Guido van Rossum: One of the things I like about Python is that everything happens at runtime. Python's compile-time complexity is almost nonexistent compared to that complexity of languages like C++ or even Java, which is much simpler than C++ at compile time. Although, doesn't Sun plan to add generics to Java?

Bill Venners: Yes.

Guido van Rossum: Well, they have to, because it is a strongly typed language, and you can't do certain things with strong typing otherwise.

Weak typing is not really a fair description of what's going on in Python. It's really runtime typing because every object is labeled with a type.

Bill Venners: Every object in Python does have a type.

Guido van Rossum: Every object does have a type. It is a string, an integer, a floating point number, a dictionary, or whatever.

Bill Venners: But method parameters and return values don't have types.

Guido van Rossum: Those variables don't have types. Runtime typing works differently, because you can easily make a mistake where you pass the wrong argument to a method, and you will only find out when that method is actually called. On the other hand, when you find out, you find out in a very good way. The interpreted language tells you exactly this is the type here, that's the type there, and this is where it happened. If you make a mistake against the type system in C or C++, and it only happens at runtime, you're in much worse shape. So you can't simply say strongly typed languages are better than runtime typed languages or vice versa, because you have a whole tradeoff of different parts.

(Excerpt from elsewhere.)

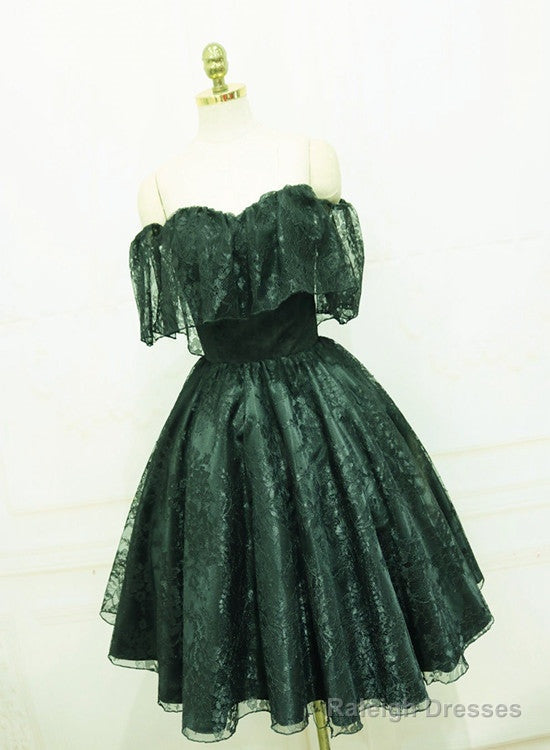 Beautiful Lace Green Off Shoulder Knee Length Party Dress, Bridesmaid Dress Main image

Bill Venners: Let me try to restate what you said. Basically, as a strong typer, I may believe it is always better to detect errors sooner rather than later. You agree, but you also say I must weigh the cost of the mechanism used to detect those errors sooner. One cost of the strong typing in Java is that I have to finger type all my variables' types. Another cost is I may have three or four iterations of compiling, because I've screwed up something that may not really matter to my program's proper execution. You're saying in a strongly typed language I'm wrestling with things that take up my time.

Gosling said, "Anything that tells you about a mistake earlier not only makes things more reliable because you find the bugs, but the time you don't spend hunting bugs is time you can spend doing something else." You're saying, if you don't have to actually do all the extra work to make the strong typing compiler happy...

Guido van Rossum: You still have time to do something else. In Python, because your program is shorter, you can actually test it much sooner than when you're writing a large Java or C program.

You can also easily write a small piece of code in Python and see that it works. You can do very fine-grained unit testing. Bottom-up program development works really well. You can easily start with only a vague idea of what you want, start to implement it, and see how well it works so far. You can then change many things around. If you have a strongly typed language, changing things around becomes much more painful.

In a strongly typed language, when you change to a different data structure, you will likely have to change the argument and return types of many methods that just pass these things on. You may also have to change the number of arguments, because suddenly you pass the information as two or three parts instead of one. In Python, if you change the type of something, most likely pieces of code that only pass that something around and don't use it directly don't have to change at all.